Deux ou trois phrases, parfois une photo. La vigueur restaurée par une demi-heure de jardinage, la
jubilation d’une balade en pédalo avec les enfants, la saveur subversive d’une soirée lecture sans
écran, l’émulation d’une réunion militante, l’inattendu d’une virée solo en train pour visiter une
expo, l’audace de se lancer dans un truc nouveau, les perspectives d’avenir ouvertes par l’avancée
des travaux, la beauté d’un film, d’un concert, une marque de reconnaissance reçue pour quelque
chose que l’une ou l’autre a fait… Avec Marion, entre deux rencontres plus ou moins régulières, on
s’envoie des joies comme des cartes postales. Rien de systématique. C’est venu comme ça. À force
de constater à quel point ça manquait et à quel point ça nous faisait du bien de recevoir et donner
des joies.
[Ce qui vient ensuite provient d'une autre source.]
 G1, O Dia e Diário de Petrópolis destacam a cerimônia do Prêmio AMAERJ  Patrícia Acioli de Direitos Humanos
Ça n’empêche pas de partager aussi les indignations, les soucis et les galères. Mais ça
nous donne de l’oxygène pour faire et créer, dans un monde où les tyrans veillent à cultiver nos
passions tristes pour reprendre l’expression de Maurice Merleau-Ponty.
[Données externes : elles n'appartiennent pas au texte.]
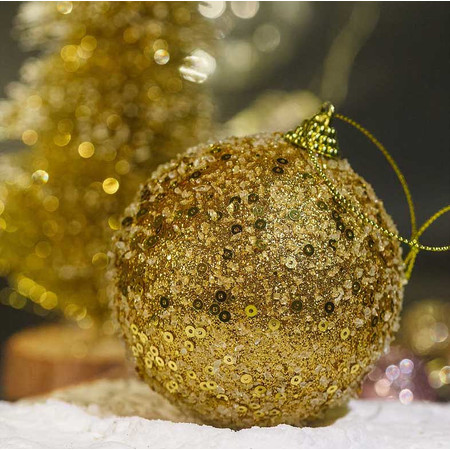 Набор новогодних шаров с мелкими золотыми пайетками 8см 3шт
Et puis le réel, c’est aussi ça : une série chaotique de grâces
auxquelles il nous revient de faire une
place envers et contre notre tendance à nous focaliser sur le pire. Envers et contre les écrasantes
idéologies. On l’apprend au code de la route… Si vous passez votre temps à observer le fossé, vous
finirez par le voir de trop près. Savoir son existence doit nous encourager à regarder attentivement
ailleurs, à savoir devant soi, la route qu’on veut prendre et son horizon.
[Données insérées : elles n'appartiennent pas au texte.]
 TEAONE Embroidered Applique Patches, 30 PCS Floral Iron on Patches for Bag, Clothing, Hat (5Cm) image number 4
Ce que je vous raconte là, l’importance du partage des joies pour notre santé mentale et physique,
ce n’est pas qu’une affaire d’amitié. C’est aussi social et politique. Et d’ailleurs l’amitié, notamment
comme soin mis à s’envoyer de l’oxygène quand les temps sont durs, c’est aussi voire d’abord
social et politique.
Sur un Slack partagé par des développeur·euses – un Slack professionnel donc, que j’ai rejoint il y a
quelques années, bien qu’étant philosophe ! – il y a un canal #joies. C’est l’un des rares que je
consulte régulièrement. Bien que ne se connaissant pas tous·tes personnellement, nous y déposons
parfois des mini cartes postales, et avons du plaisir à lire les autres. « On a assez peu d’endroits où
on encourage le partage des joies », note l’un d’eux. On y ressent « la joie que procure la joie
d’autrui », relève quelqu’un d’autre. « C’est beau de reconnaître une joie même légère », et à
plusieurs, ça produit une « collection collective hétéroclite », poursuit un autre contributeur régulier
sur ce canal, canal qui offre une garantie de « good vibes », résume encore le modérateur de ce
même Slack. Ces good vibes font du bien. Mais elles vont à l’encontre de nos pratiques sociales
qui associent confusément intelligence et mépris, notamment mépris de tout ce qui peut ressembler
à une manifestation de joie.
Toute forme de réunion est une fabrique à émotions. Et l’état dont vous sortez d’une réunion est aussi variable que le goût laissé par une vinaigrette. Comme disait l’un de mes sensei à l’université, c’est très difficile de faire une bonne vinaigrette, mais ça vaut le coup (qu’il ait aimé ma vinaigrette ce jour où nous fêtions son départ à la retraite fut l’une de mes plus grandes fiertés académiques !). Si vous n’y prêtez pas attention, le mélange risque d’être très piquant. Et source de souffrances professionnelles. Certain·es (et surtout certaines) se forceront à sourire la bouche en feu pour rendre le moment collectivement supportable et sauvegarder l’ambiance en faisant parler les autres, en s’intéressant à ceux qui, eux, bougonneront ouvertement. Les réunions – en famille comme au travail - sont souvent comme des pièces de théâtre où chacun·e rejoue très vite son rôle devenu habituel et souvent indissociable des caractéristiques attendues selon son genre et sa position sociale. Cette « mise en scène de la vie quotidienne » pour reprendre le titre du livre d’Erving Goffman, c’est un peu le template par défaut de nos réunions où, comme l’a montré le sociologue, la stigmatisation et le mépris opèrent comme le mode normal de communication des classes dominantes. Dans une société patriarcale qui valorise l’autorité bougonne et délègue la jovialité aux femmes (la joie, c’est du care), mettre les joies à l’ordre du jour collectif, c’est en quelque sorte corriger un peu le template initial et dysfonctionnel de la réunion / vinaigrette. Ce template qui fait du dîner de Noël une épreuve souvent redoutée !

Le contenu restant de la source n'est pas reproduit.